● **To do**
Only lines holding the word "assim" are wanted from the records; copy all of them.

● **Information**
- - - - - - -
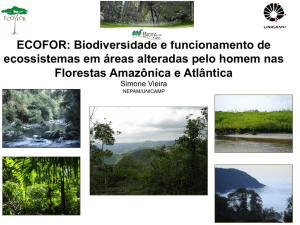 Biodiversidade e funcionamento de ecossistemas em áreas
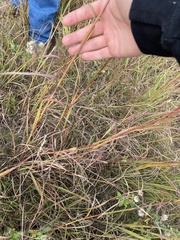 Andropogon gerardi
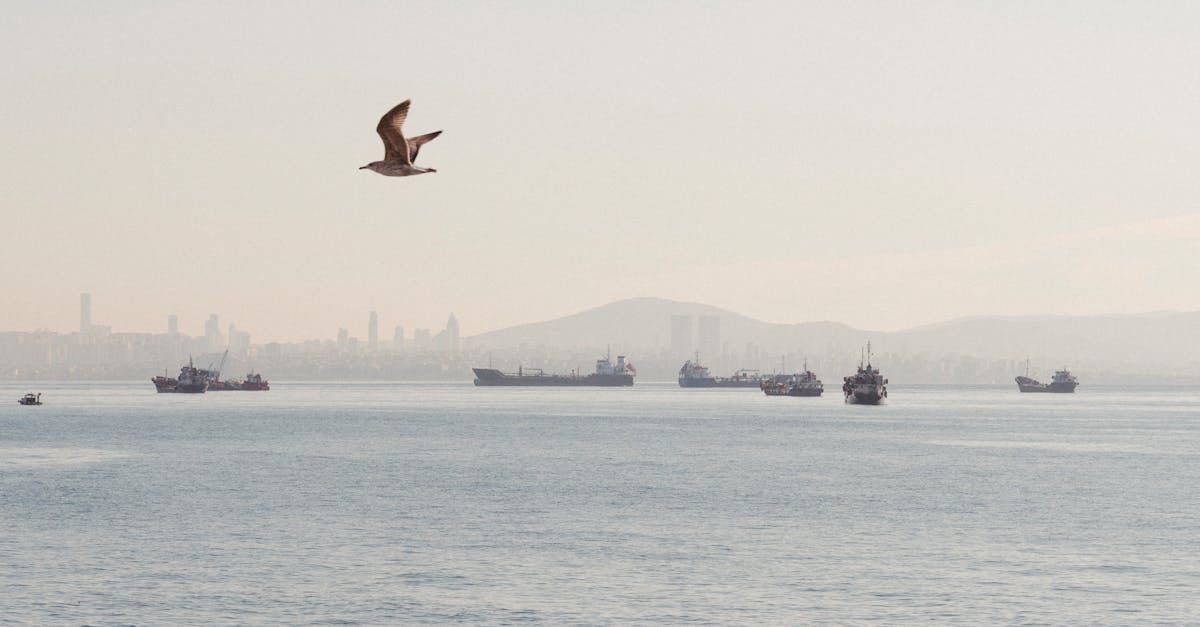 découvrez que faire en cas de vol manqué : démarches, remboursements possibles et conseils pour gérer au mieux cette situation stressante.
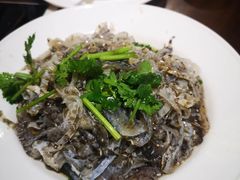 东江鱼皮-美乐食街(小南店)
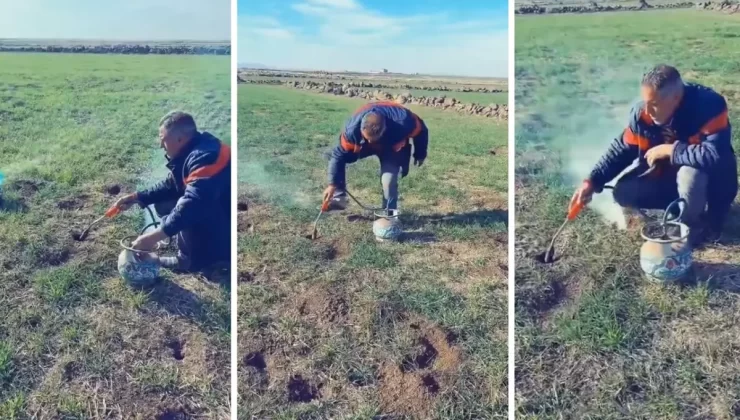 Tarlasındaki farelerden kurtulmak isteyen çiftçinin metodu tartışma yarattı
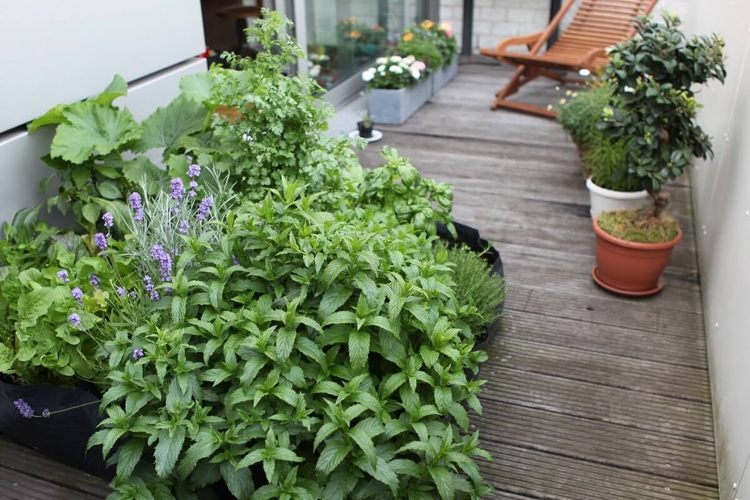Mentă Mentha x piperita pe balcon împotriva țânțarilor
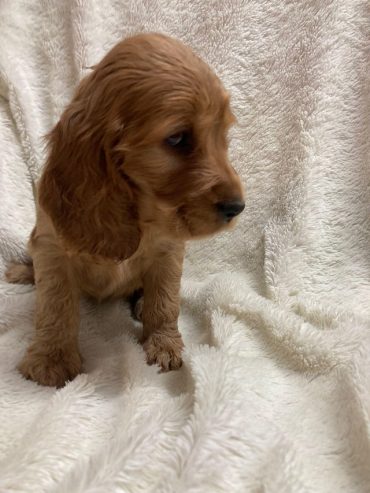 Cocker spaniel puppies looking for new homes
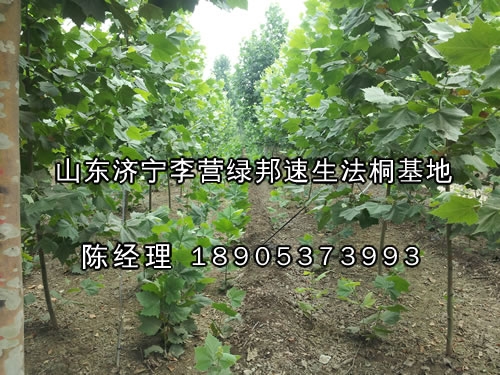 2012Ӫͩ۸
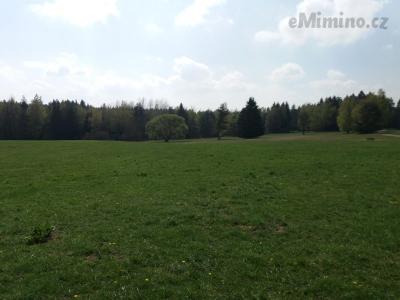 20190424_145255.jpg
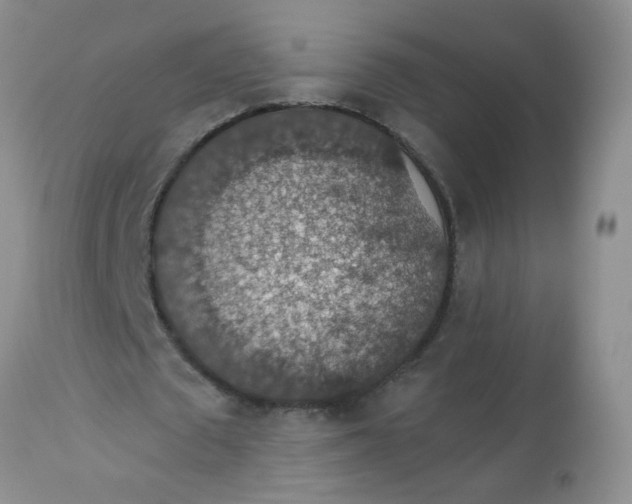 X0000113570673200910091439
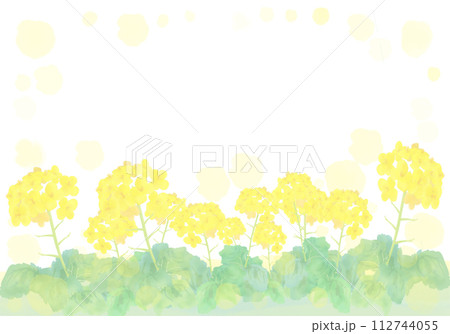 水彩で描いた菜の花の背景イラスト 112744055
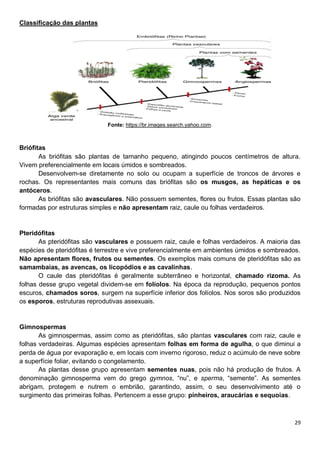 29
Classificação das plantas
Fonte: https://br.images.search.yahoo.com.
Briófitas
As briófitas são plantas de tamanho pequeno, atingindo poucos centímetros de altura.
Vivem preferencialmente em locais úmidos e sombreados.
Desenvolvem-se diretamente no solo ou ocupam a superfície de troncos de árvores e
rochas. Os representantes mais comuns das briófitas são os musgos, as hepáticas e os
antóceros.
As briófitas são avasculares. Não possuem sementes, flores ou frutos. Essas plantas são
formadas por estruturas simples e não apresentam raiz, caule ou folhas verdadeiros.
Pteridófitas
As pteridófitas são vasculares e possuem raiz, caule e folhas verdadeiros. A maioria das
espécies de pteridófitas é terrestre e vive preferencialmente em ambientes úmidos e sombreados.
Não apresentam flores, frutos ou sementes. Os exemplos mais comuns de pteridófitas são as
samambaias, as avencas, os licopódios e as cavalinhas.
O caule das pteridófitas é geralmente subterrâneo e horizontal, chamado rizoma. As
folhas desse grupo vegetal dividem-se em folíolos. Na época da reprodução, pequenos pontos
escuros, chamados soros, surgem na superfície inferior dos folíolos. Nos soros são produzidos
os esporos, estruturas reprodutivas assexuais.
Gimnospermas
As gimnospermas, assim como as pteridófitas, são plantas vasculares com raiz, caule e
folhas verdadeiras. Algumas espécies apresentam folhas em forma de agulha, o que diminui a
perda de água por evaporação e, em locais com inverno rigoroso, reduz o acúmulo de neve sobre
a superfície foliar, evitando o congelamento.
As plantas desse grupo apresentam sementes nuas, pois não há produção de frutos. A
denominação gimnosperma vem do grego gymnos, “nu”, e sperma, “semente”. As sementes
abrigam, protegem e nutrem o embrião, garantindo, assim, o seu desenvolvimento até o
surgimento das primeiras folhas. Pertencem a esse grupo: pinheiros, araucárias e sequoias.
- - - - - - -
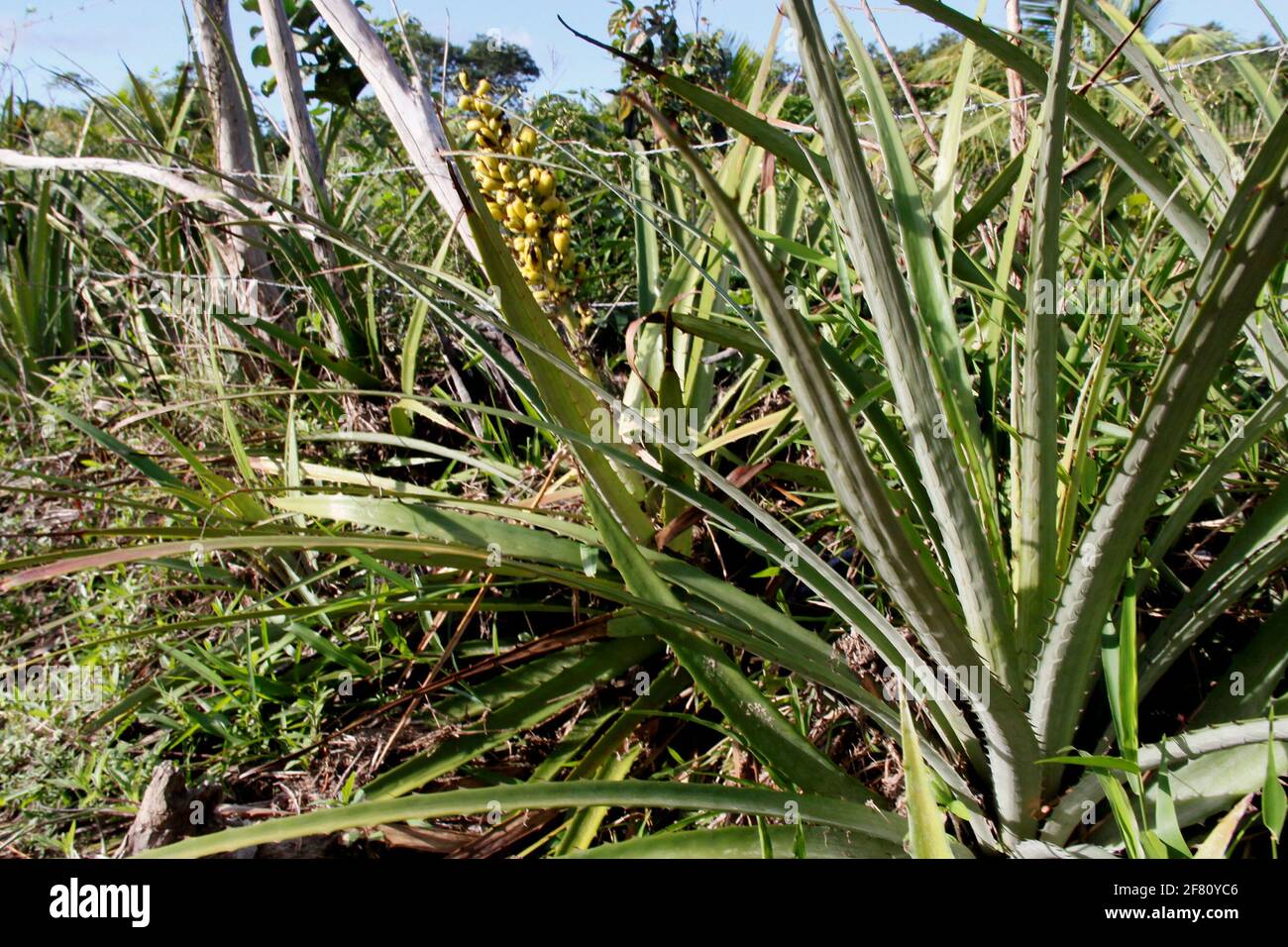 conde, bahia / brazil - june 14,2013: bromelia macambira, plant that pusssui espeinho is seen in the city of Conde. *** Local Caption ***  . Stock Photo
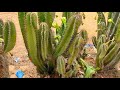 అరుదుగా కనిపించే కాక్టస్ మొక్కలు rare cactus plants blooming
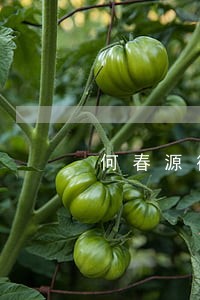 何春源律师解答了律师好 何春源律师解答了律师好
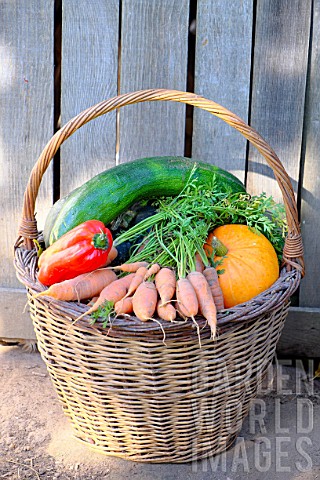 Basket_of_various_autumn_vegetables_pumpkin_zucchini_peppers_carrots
- - - - - - -
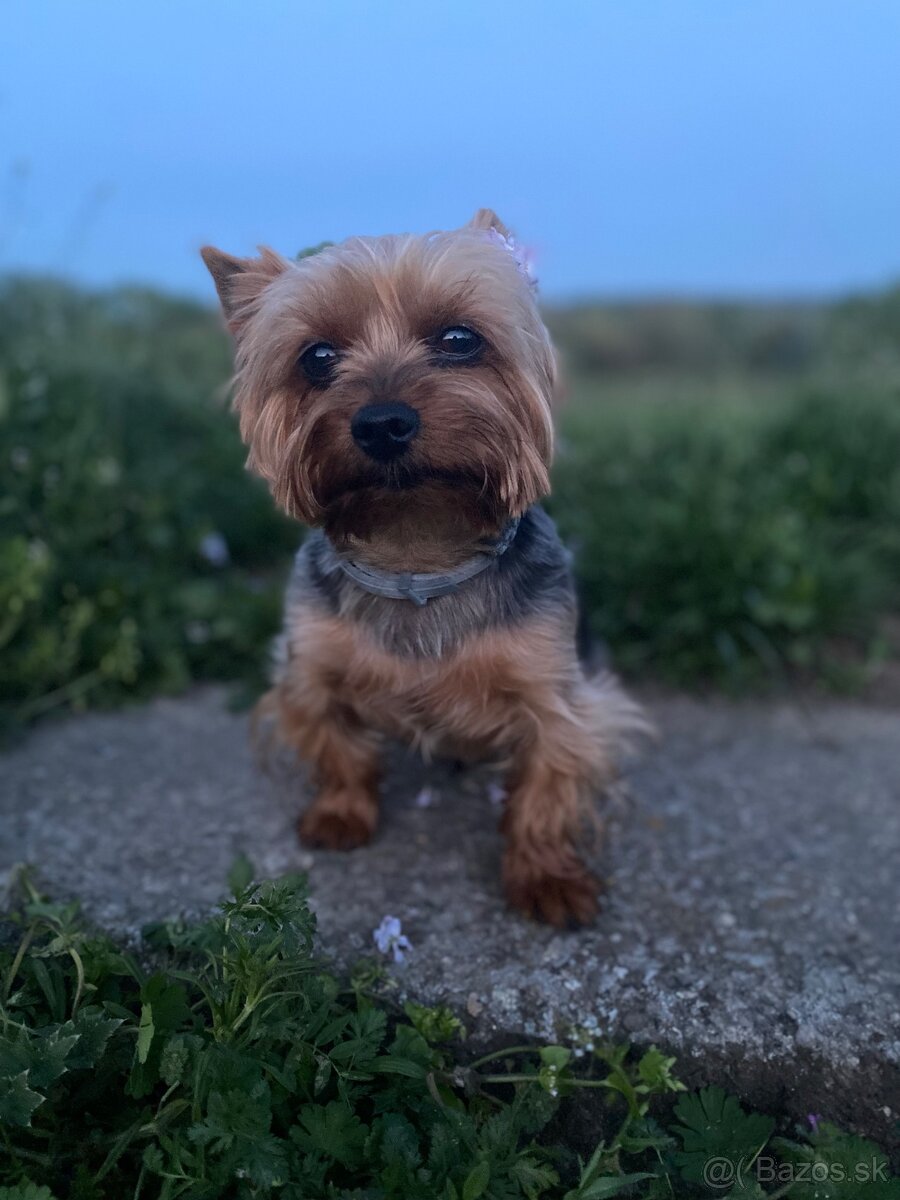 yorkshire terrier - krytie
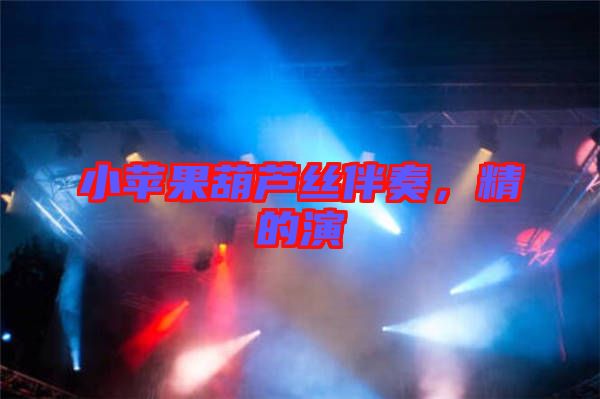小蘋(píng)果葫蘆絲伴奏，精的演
- - - - - - -
● **Answer for this exercise**
As gimnospermas, assim como as pteridófitas, são plantas vasculares com raiz, caule e
abrigam, protegem e nutrem o embrião, garantindo, assim, o seu desenvolvimento até o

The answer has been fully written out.